Overview of the structural parameters in the layout.

Modeling

Performance estimation model without storage zones

The RMFS process is described as follows: The system has an external task queue and an internal robot queue. The task enters the system from the outside at a certain hourly arrival rate. After the task is matched with the robot as a secondary resource, the robot moves from the standby position to the operation platform in the loaded state. The mobile rack unit is returned to the specified position after the unloading operation is completed. The process is constructed using a half-open loop queuing network model, as shown in Figure 5.

Figure 5.

SOQN model of without storage zones of RMFS. RMFS: robotic mobile fulfillment system; SOQN: semiopen queue network.

During the M1 process, when the picker in the operation platform completes the order picking task, the order leaves the system, and the robot returns the picked rack unit to the designated storage location from the picking station and parks at the storage location, where the task ends to wait for the next task assignment. Generally, the moving process has multiple lines to choose from, and the degree of blocking encountered by selecting different lines is also different. The blocking will cause a waiting process. The robot will select an optimal line for execution according to the path planning algorithm. This process is regarded as a parallel queuing process, and each line is regarded as a service desk. A parallel queuing system can be used to abstract the process. The robot in this process is in a loading state, and the walking route can only pass through the roadway. Idle robots that have completed the handling task will re-enter the internal queue to wait for the next task match.

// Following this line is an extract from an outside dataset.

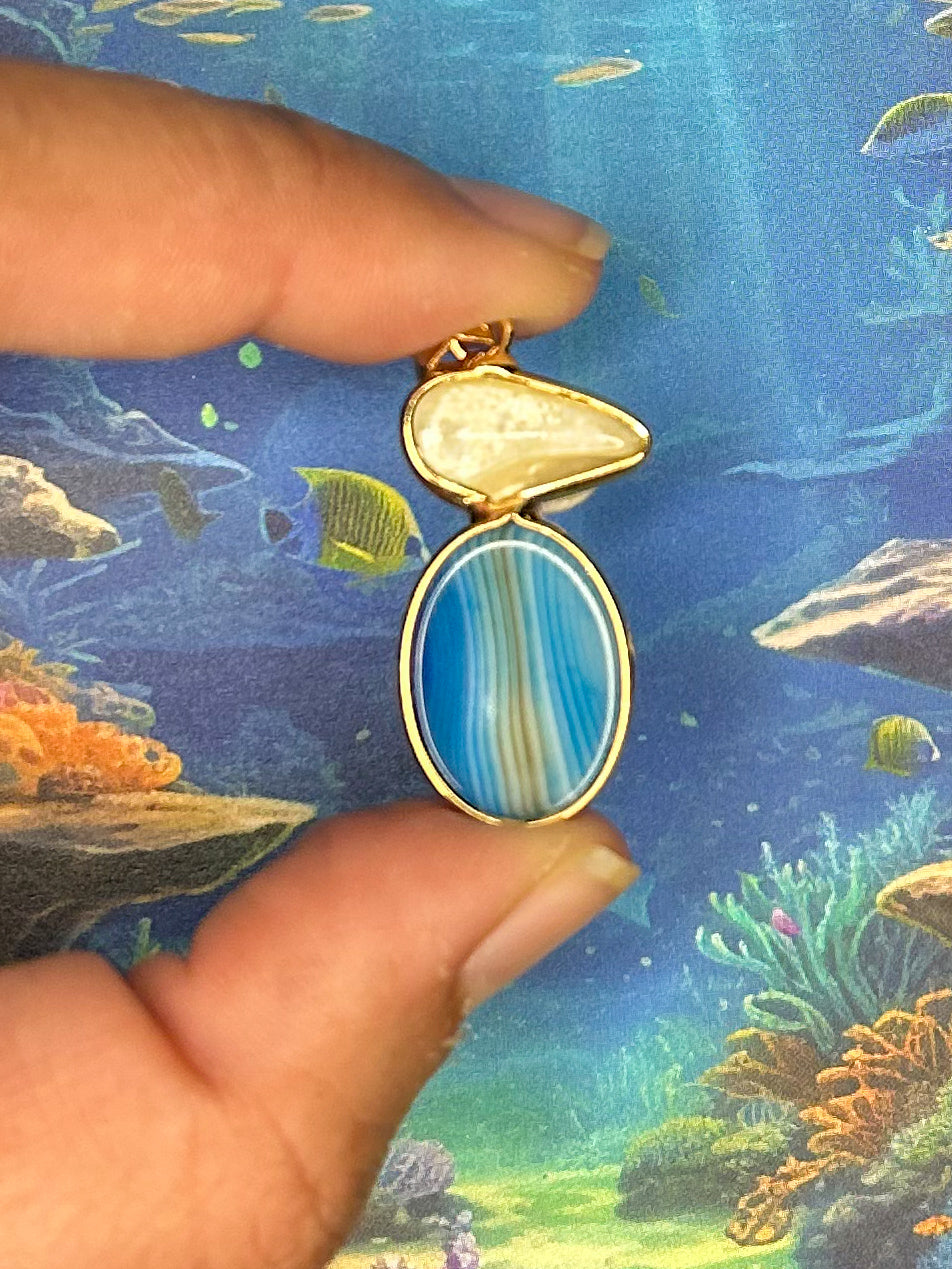 Agate Slice Pendant AS65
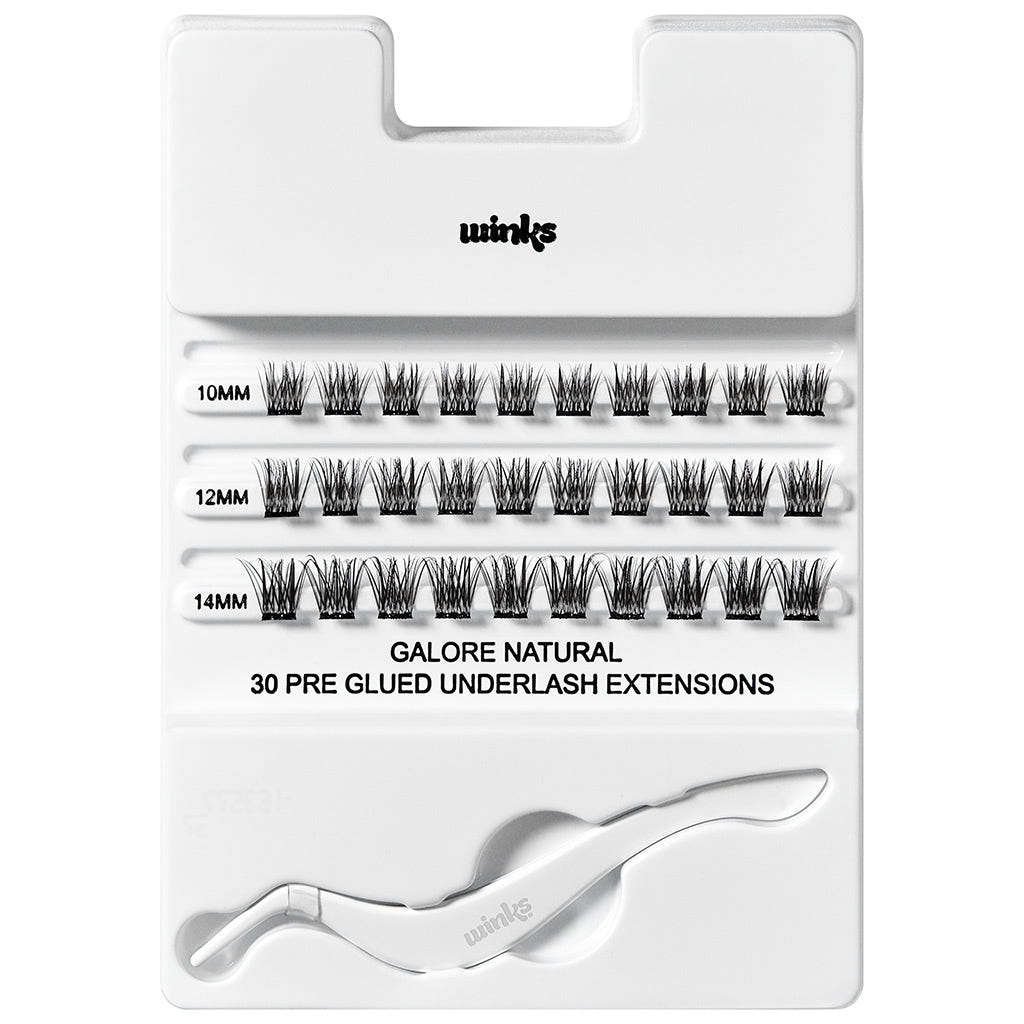 Ardell Winks Press On Pre-Glued Underlash Extensions Kit - Galore Natural (Contents)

Picking orders enter the external queue in order from outside. When the waiting time of the order ends, a free robot in the internal queue is randomly obtained for a virtual pairing. The queuing process service desk is a virtual matching synchronization site. Then, the robot bounds to the order in the M2 process traveling from the current standby position to the storage position of the mobile rack unit to be loaded at an unloaded speed. Because the robot can travel through the bottom of the shelf under no-load conditions, the walking distance is a Manhattan distance, and the M3 and M1 processes are similar. When the robot arrives at the work platform with the mobile rack unit, it enters the designated queue and waits for the platform service. This process is regarded as a single service desk queue system.

Performance estimation model with storage zones

During the RMFS operation, a robot is used to assist the movement of goods to people to achieve picking operations. Therefore, its storage and sorting are inseparable and belong to the storage and picking integration system. The storage of goods classifies the zoning strategy. The goods are classified according to certain characteristics and usually divided by the goods outbound flow. Goods with a high outbound flow are placed closer to the picking operation platform, reducing the walking time of the robot carrying rack units, thereby improving the order processing efficiency. However, the zoning strategy leads to disadvantages concerning low average space utilization rate in the storage area, high blocking factor in the best-selling area, and difficult vehicle scheduling.¹

When building a system model under a zoning strategy, the outbound probability of each zone needs to be considered. When the robot is in the process of M1, M2, and M3, the choice of line is more complicated. In actual production, the blocking factor from the best-selling area to the best-selling area will be significantly higher than that of the worst-selling area. Considering the blocking factor, the system model when considering the zoning strategy is shown in Figure 6.

Figure 6.

SOQN model with storage zones of RMFS. RMFS: robotic mobile fulfillment system; SOQN: semiopen queue network.

Model analysis

According to whether the customer leaves the queuing system, the queuing system is divided into an open-loop queuing network system (open queuing networks (OQNs)) and a closed-loop queuing network system (closed queuing networks (CQNs)). Among them, OQN customers come from the outside and leave the system after completing a series of service processes and CQN means that customers are served in the system without leaving.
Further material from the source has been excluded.